The general trend seems to be that cheap hard drives are increasing in capacity faster than much of the data that is commonly stored. Back in 1998 I had a 3G disk in my laptop and about 800M was used for my home directory. Now I have 6.2G used for my home directory (and another 2G in ~/src) out of the 100G capacity in my laptop. So my space usage for my home directory has increased by a factor of about 8 while my space available has increased by a factor of about 30. When I had 800M for my home directory I saved space by cropping pictures for my web site and deleting the originals (thus losing some data I would rather have today) but now I just keep everything and it’s still doesn’t take up much of my hard drive. Similar trends apply to most systems that I use and that I run for my clients.
Due to the availability of storage people are gratuitously using a lot of disk space. A relative recently took 10G of pictures on a holiday, her phone has 12G of internal storage so there was nothing stopping her. She might decide that half the pictures aren’t that great if she had to save space, but that space is essentially free (she couldn’t buy a cheaper phone with less storage) so there’s no reason to delete any pictures.
When considering backup methods one important factor is the ability to store all of one type of data on one backup device. Having a single backup span multiple disks, tapes, etc has a dramatic impact on the ease of recovery and the potential for data loss. Currently 3TB SATA disks are really cheap and 4TB disks are available but rather expensive. Currently only one of my clients has more than 4TB of data used for one purpose (IE a single filesystem) so apart from that client a single SATA disk can backup anything that I run.
Benefits of Hard Drive Backup
When using a hard drive there is an option to make it a bootable disk in the same format as the live disk. I haven’t done this, but if you want the option of a quick recovery from a hardware failure then having a bootable disk with all the data on it is a good option. For example a server with software RAID-1 could have a backup disk that is configured as a degraded RAID-1 array.
The biggest benefit is the ability to read a disk anywhere. I’ve read many reports of tape drives being discovered to be defective at the least convenient time. With a SATA disk you can install it in any PC or put it in a USB bay if you have USB 3.0 or the performance penalty of USB 2.0 is bearable – a USB 2.0 bay is great if you want to recover a single file, but if you want terabytes in a hurry then it won’t do.
A backup on a hard drive will typically use a common filesystem. For backing up Linux servers I generally use Ext3, at some future time I will move to BTRFS as having checksums on all data is a good feature for a backup. Using a regular filesystem means that I can access the data anywhere without needing any special software, I can run programs like diff on the backup, and I can export the backup via NFS or Samba if necessary. You never know how you will need to access your backup so it’s best to keep your options open.
Hard drive backups are the best solution for files that are accidentally deleted. You can have the first line of backups on a local server (or through a filesystem like BTRFS or ZFS that supports snapshots) and files can be recovered quickly. Even a SATA disk in a USB bay is very fast for recovering a single file.

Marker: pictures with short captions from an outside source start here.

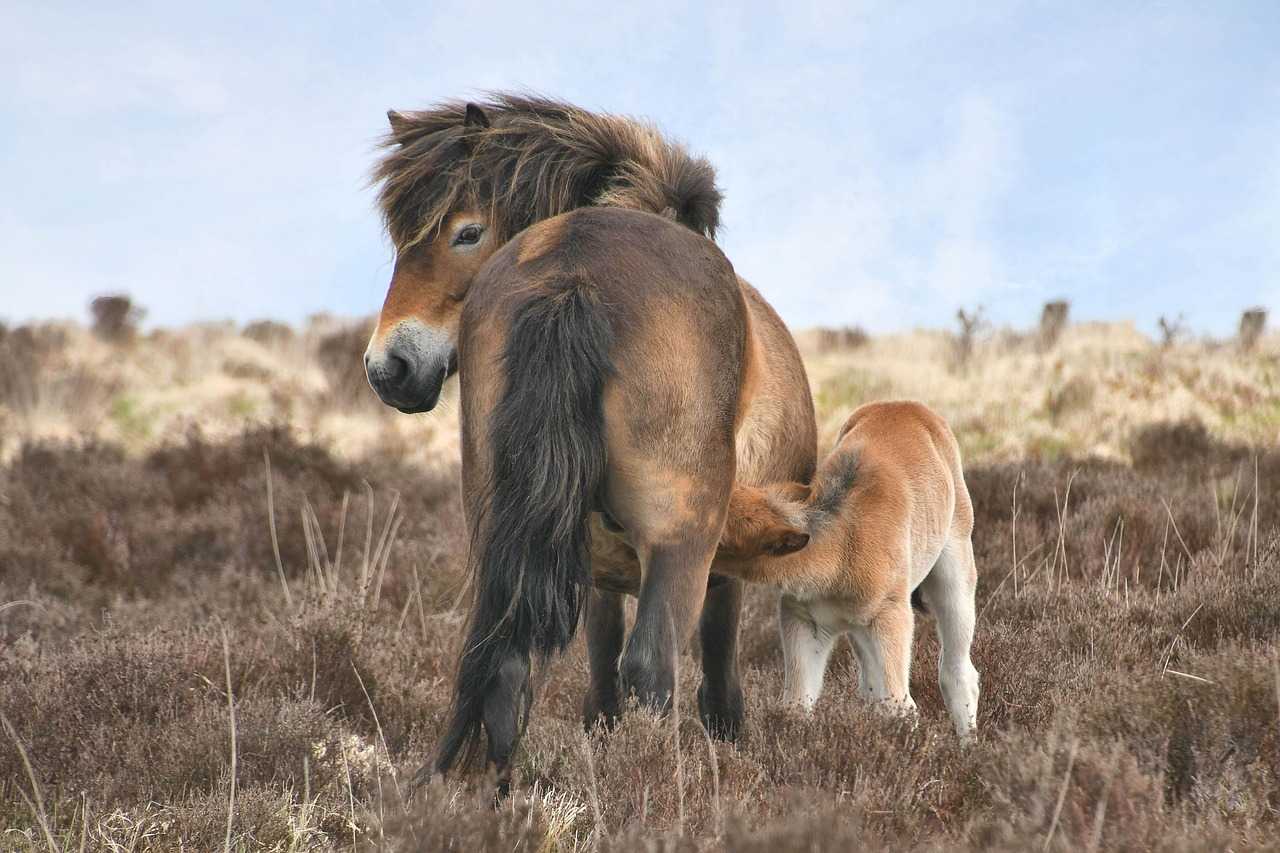 Hardy Exmoor mare with her foal (Castleguard/Pixabay)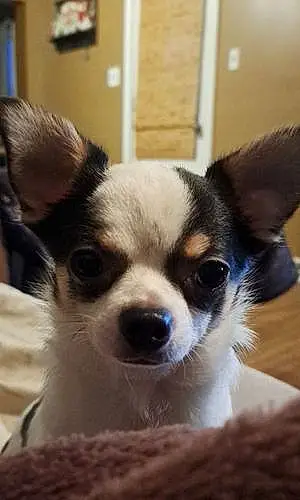Name Chihuahua Dog Benson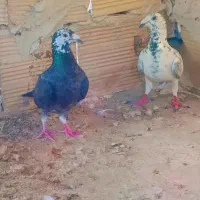 نروماده سوسکی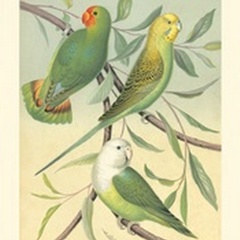 Cassell's Parakeets I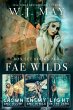 Fae Wilds Box Set Books #4-6 (Fae Wilds... - Bild 1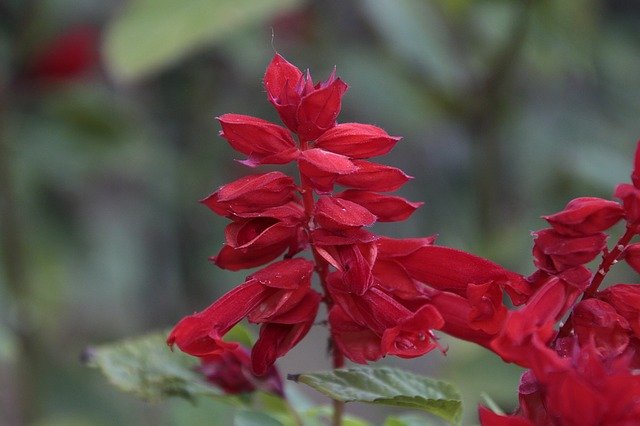 Free download Fire Sage Plant Nature -  free photo or picture to be edited with GIMP online image editor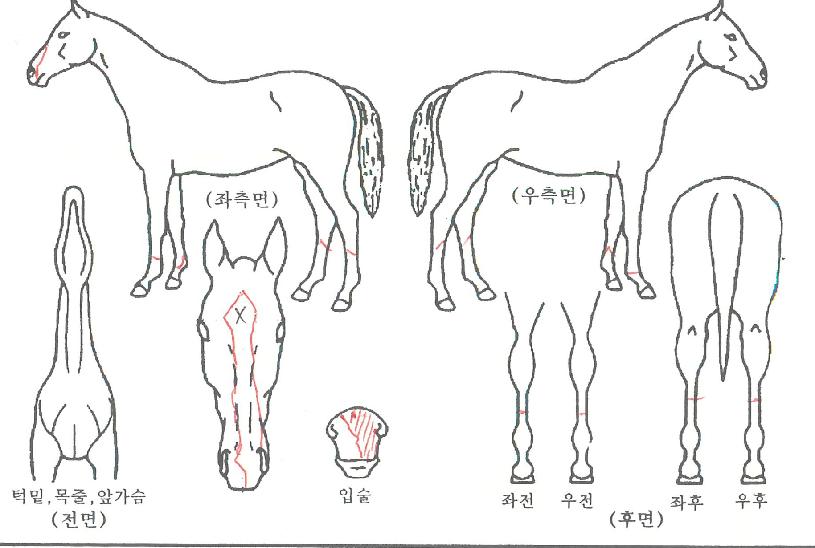 ºê·¹µå³ªÀÌÇÁÀÚ¸¶ÀÇ Ãø¸é,¿ì¸é,µÞ¸é,µÎ»ó,´Ù¸®ÀÇ Æ¯Â¡µµÇØ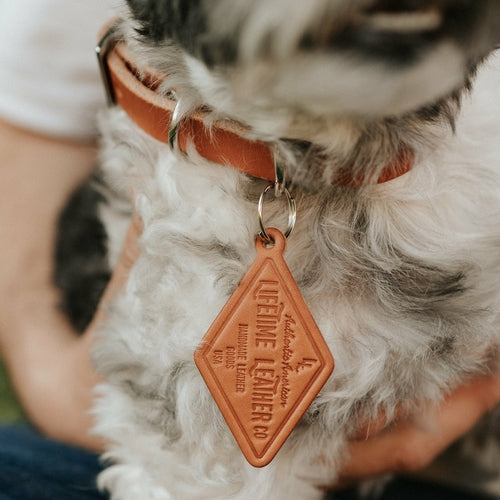 Leather Dog Collar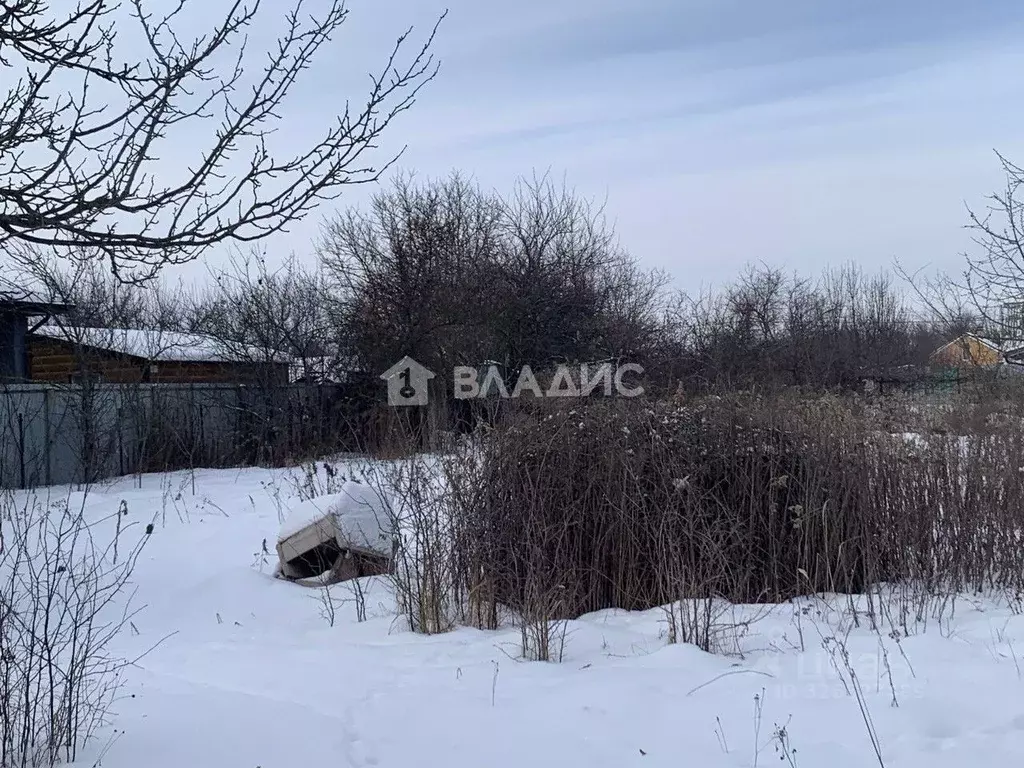 Участок в Воронежская область, Рамонский район, Айдаровское с/пос, ... - Фото 1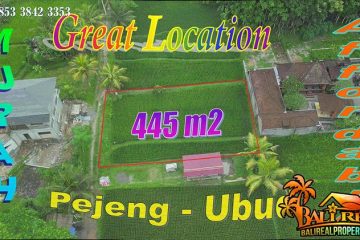 Murah Cantik Strategis, Tanah dijual di Pejeng Ubud Gianyar Bali TJUB878
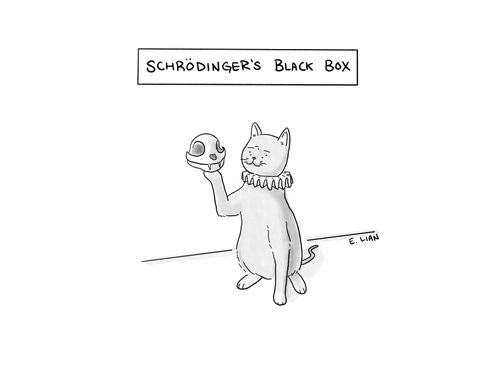 Schrodinger's Black Box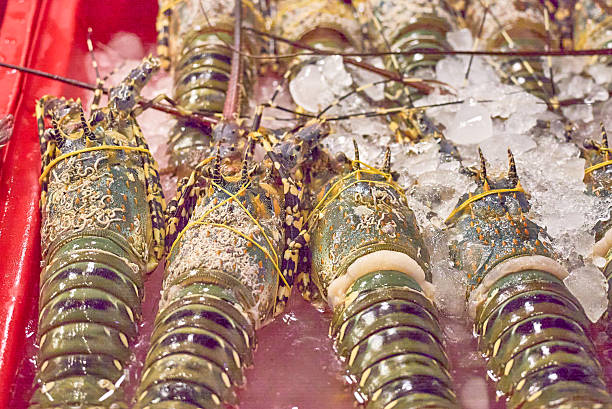 istock Freshly caught lobsters, displayed on ice, cooked with the utmost care 2210381204
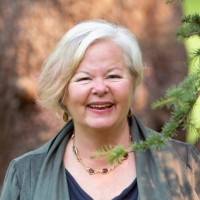 Deb Doyle Email & Phone Number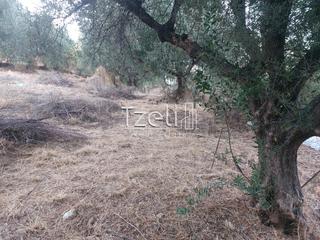 Οικόπεδο 720 τ.μ. για πώληση, Αχαΐα, Μεσσατίδα-thumb-25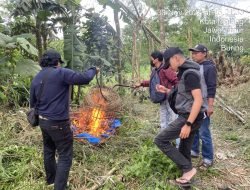 Polresta Malang Kota Bongkar Arena Judi Sabung Ayam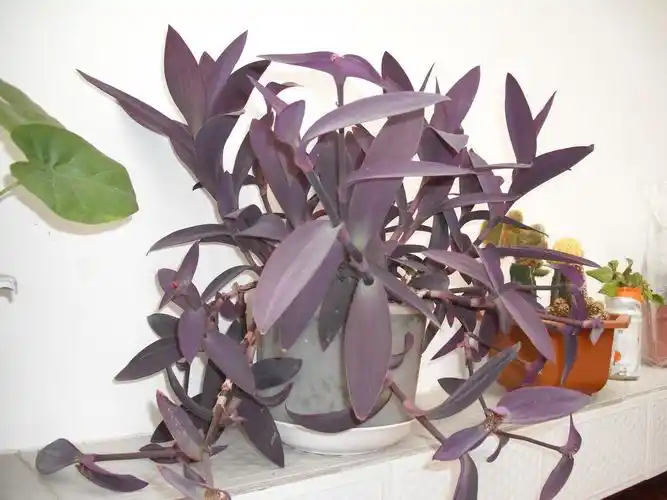 这个叫什么名字,紫色的,是紫罗兰吗?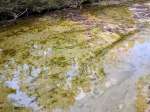 submerged algae patches near sometime island rocks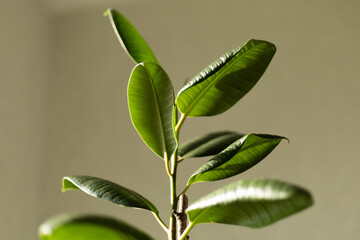 Ficus elastica plant in sunlight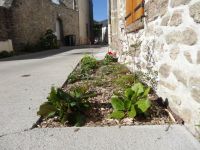 massif pied de mur2.JPG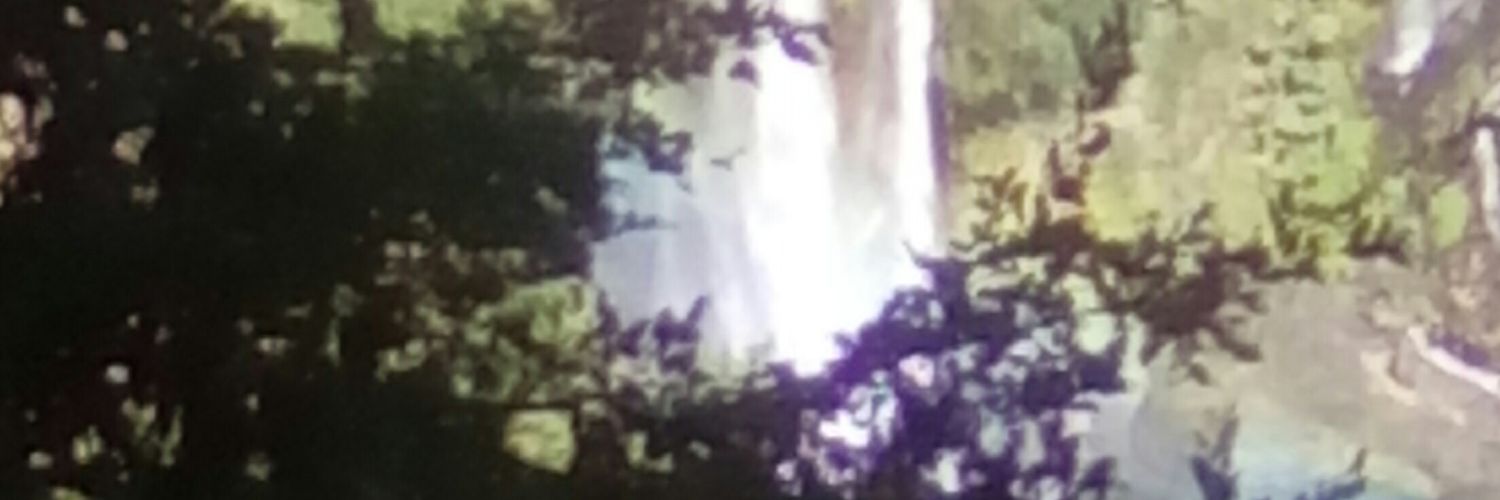patrickantho090's profile banner image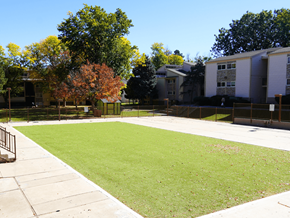 Denver apartment for rent - A grassy area in front of a building with trees in the background at Garden Court Apartments, Denver, 80220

LTO tapes have a maximum capacity of 1.5TB at the moment and tape size has been increasing more slowly than disk size. Also LTO tapes have an expected lifetime of only 200 reads/writes of the entire tape. It seems to me that tapes don’t provide a great benefit unless you are backing up enough data to need a tape robot.
Problems with a Hard Drive Backup
Hard drives tend not to survive being dropped so posting a hard drive for remote storage probably isn’t a good option. This can be solved by transferring data over the Internet if the data isn’t particularly big or doesn’t change too much (I have a 400G data set backed up via rsync to another country because most of the data doesn’t change over the course of a year). Also if the data is particularly small then solid state storage (which costs about $1 per GB) is a viable option, I run more than a few servers which could be entirely backed up to a 200G SSD. $200 for a single backup of 200G of data is a bit expensive, but the potential for saving time and money on the restore means that it can be financially viable.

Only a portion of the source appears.